Assignment:
In the entries that follow, the lines from the one with "Slide: The Image of 2025" through the one with "Luanda, Angola &ndash;" are the ones to write out, exactly and with both ends included. Nothing else should appear.

Data provided:
--- START ---

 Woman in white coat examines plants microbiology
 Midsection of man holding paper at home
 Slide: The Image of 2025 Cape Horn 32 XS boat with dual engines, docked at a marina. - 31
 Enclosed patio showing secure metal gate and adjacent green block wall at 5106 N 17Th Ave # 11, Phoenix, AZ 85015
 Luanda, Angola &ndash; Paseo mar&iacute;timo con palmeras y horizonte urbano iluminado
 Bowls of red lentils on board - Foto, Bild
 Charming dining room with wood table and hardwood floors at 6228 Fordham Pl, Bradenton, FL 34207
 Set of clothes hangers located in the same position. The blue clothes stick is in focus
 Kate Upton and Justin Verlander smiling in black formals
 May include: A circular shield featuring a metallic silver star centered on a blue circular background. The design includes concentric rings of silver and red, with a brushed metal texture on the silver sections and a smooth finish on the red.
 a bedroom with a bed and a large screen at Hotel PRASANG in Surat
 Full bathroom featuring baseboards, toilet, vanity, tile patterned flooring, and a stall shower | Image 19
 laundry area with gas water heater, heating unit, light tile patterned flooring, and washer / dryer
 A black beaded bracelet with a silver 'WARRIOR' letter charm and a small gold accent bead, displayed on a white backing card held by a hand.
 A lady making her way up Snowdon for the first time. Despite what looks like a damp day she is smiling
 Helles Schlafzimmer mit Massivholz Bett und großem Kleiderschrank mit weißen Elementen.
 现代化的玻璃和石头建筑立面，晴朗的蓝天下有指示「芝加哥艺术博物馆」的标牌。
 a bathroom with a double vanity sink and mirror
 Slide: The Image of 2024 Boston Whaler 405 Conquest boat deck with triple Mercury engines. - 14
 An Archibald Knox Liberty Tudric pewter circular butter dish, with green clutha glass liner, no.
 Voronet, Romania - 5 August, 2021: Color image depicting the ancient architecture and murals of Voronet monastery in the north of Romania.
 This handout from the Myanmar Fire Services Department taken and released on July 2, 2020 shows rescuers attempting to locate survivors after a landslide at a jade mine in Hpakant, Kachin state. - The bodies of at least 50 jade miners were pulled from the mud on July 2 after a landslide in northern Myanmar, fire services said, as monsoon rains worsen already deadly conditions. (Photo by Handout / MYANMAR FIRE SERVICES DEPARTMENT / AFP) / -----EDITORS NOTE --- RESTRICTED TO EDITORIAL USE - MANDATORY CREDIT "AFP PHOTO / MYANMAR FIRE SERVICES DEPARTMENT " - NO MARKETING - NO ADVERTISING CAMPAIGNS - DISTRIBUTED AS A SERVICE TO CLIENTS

--- END ---

Answer to the exercise:
 Slide: The Image of 2025 Cape Horn 32 XS boat with dual engines, docked at a marina. - 31
 Enclosed patio showing secure metal gate and adjacent green block wall at 5106 N 17Th Ave # 11, Phoenix, AZ 85015
 Luanda, Angola &ndash; Paseo mar&iacute;timo con palmeras y horizonte urbano iluminado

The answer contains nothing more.